6. Apesar das claras vitórias de António Guterres nas votações até agora efectuadas, são apenas uma fase preliminar de um processo de escolha. A fase decisiva vai decorrer a seguir, durante o mês de Outubro, podendo eventualmente prologar-se até ao final do ano. Nas votações, os membros permanentes poderão exercer o seu direito de veto. Em última instância, o poder da escolha do novo Secretário-Geral das Nações Unidas não está nos membros permanentes europeus do Conselho de Segurança — Reino Unido e França. Também não está na Alemanha e na sua chanceler, Angela Merkel que, não sendo membro permanente, tem o peso que se conhece na União Europeia e internacional. A escolha, em última instância, será feita por uma negociação entre as grandes potências mundiais (EUA, Rússia e China), especialmente EUA e Rússia. Os EUA porque são a maior potência com interesses globais. A Rússia porque sendo o principal Estado do grupo regional da Europa de Leste (que abrange mais de duas dezenas de Estados), sente-se com um direito natural a ter a última palavra na escolha. Considere-se, ou não, arcaica, a lógica instituída nas Nações Unidas é a da rotatividade dos cargos pelos diferentes grupos regionais, o que dá, também, um sentimento de legitimidade às pretensões russas.

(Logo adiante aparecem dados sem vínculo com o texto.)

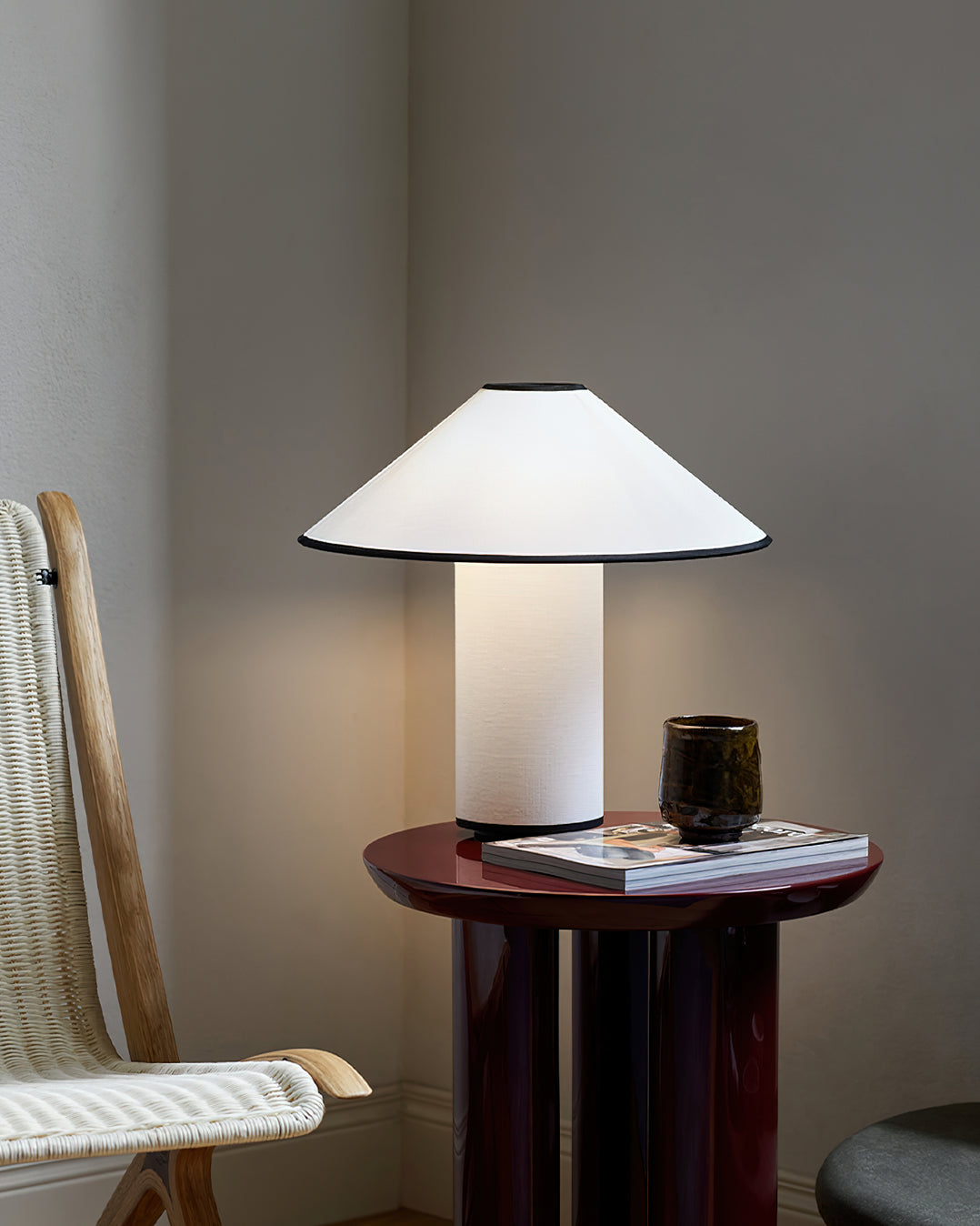 Chic Modern Table Lamp for a Cozy & Stylish Home - StyleTable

7. Tanto quanto é possível saber nesta altura, António Guterres não é o candidato preferencial de nenhumas das grandes potências. Todas parecem entusiasmadas com a igualdade de género. A Rússia preferia Irina Bokova (da Bulgária); os EUA Susanna Malcora (da Argentina); a China terá preferência por Helen Clark (da Nova Zelândia). Quanto a António Guterres, o seu passado pró-atlantista (como Primeiro-Ministro); e pró-causas humanitárias e em defesa dos direitos humanos (como Alto Comissário das Nações Unidas para os Refugiados), no mínimo não entusiasma a Rússia, nem a China. No pior dos cenários, pode valer-lhe o veto quando a escolha entrar na fase decisiva. Assim, só no caso de haver fortes concessões à Rússia — mas também a outras grandes potências nos seus interesses primordiais — em questões como a guerra da Síria ou as sanções económicas devido à anexação da Crimeia, António Guterres terá o caminho aberto. Por outras palavras, independentemente dos seus méritos políticos, da sua genuína preocupação com valores humanistas e do perfil adequado para o cargo, só terá hipóteses reais de ser eleito pelas más razões da realpolitik. Se isso ocorrer será irónico ver um candidato que assenta a sua campanha em valores ocupar o cargo devido a jogos de bastidores obscuros e a negociações maquiavélicas.